• **INSTRUCTIONS TO FOLLOW**:
Transcribe exactly, and only, the lines running from the one with "Camicia con motivo" to the end of the entries below, both included, without any pictures.

• **INFORMATION SHOWN**:
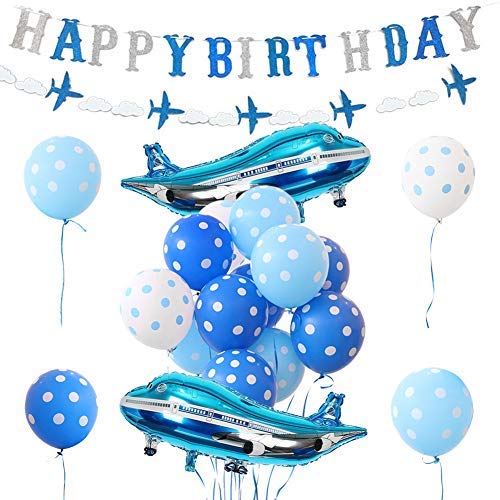 Airplane - Globos de avión para decoración de cumpleaños, para niños, cumpleaños, Fiestas, Suministros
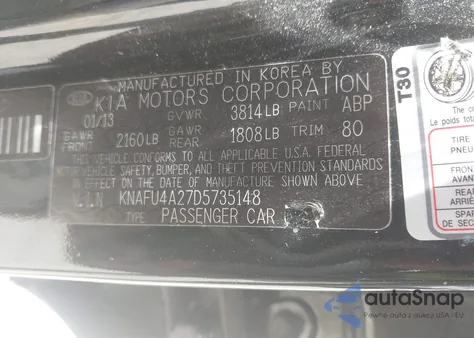 2013 Kia Forte Ex из США, поврежденный, VIN KNAFU4A27D5735148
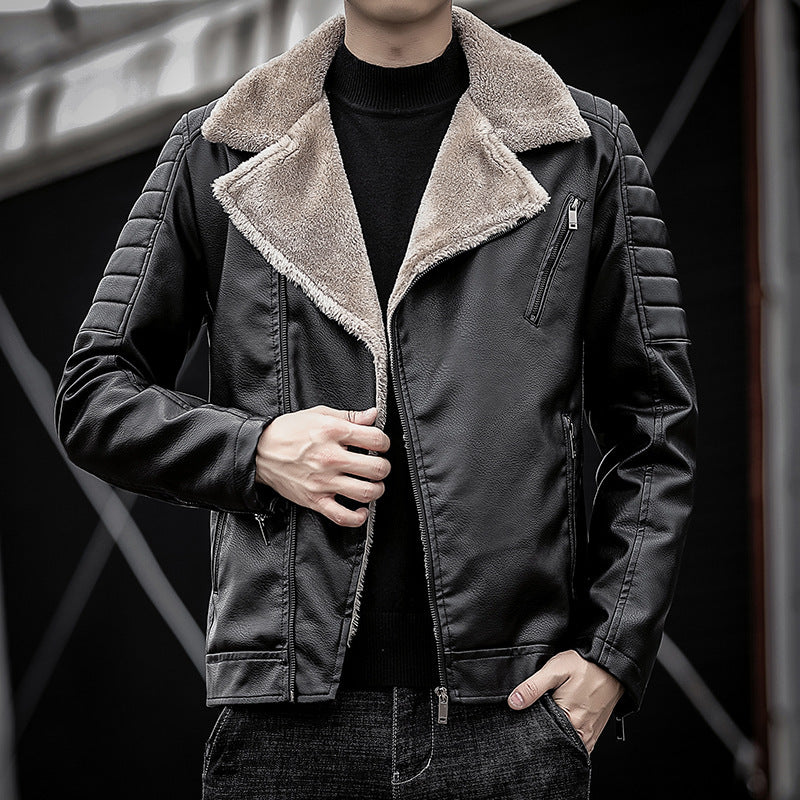 Herren Kunstleder-Bikerjacke mit Teddyfell-Futter und gesteppter Ärmeldetail Shop Nory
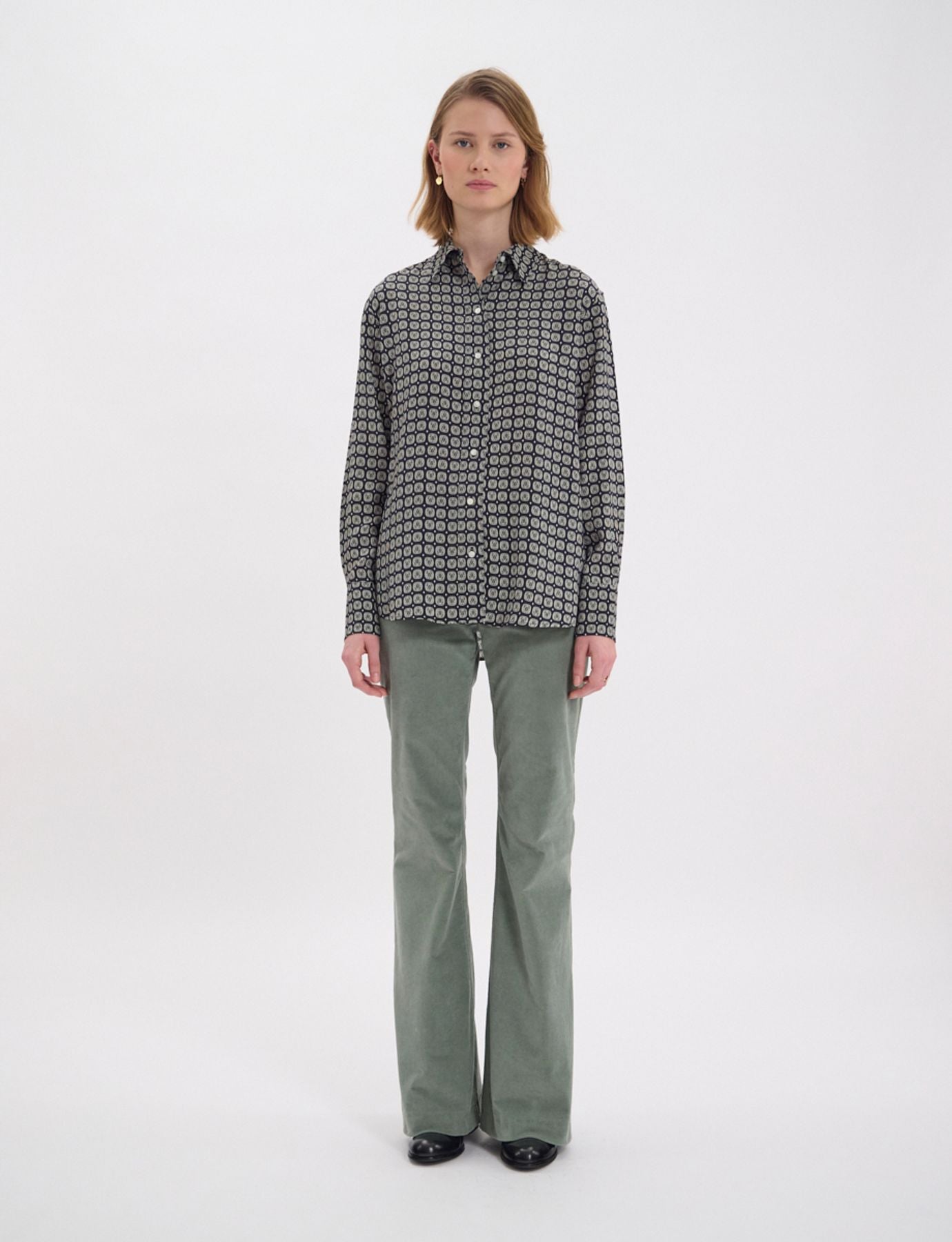 Camicia con motivo a foglie di quercia Maureen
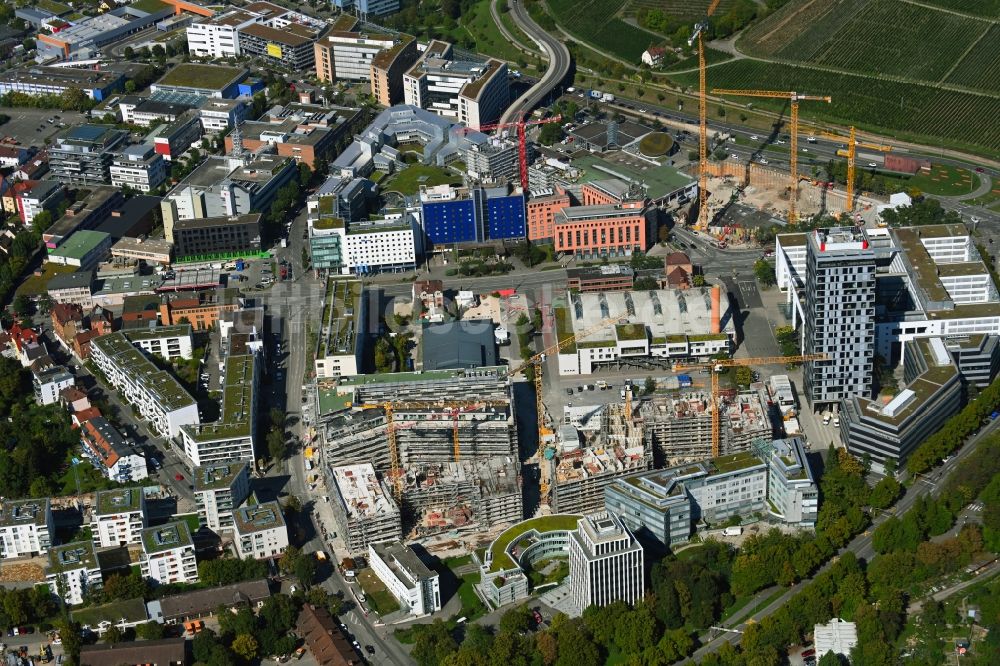 Luftaufnahme Stuttgart - Baustelle zum Neubau eines Wohn- und Geschäftshauses MAYLIVING + MAYOFFICE in Stuttgart im Bundesland Baden-Württemberg, Deutschland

• **REPLY TO THE TASK**:
 Camicia con motivo a foglie di quercia Maureen
 Luftaufnahme Stuttgart - Baustelle zum Neubau eines Wohn- und Geschäftshauses MAYLIVING + MAYOFFICE in Stuttgart im Bundesland Baden-Württemberg, Deutschland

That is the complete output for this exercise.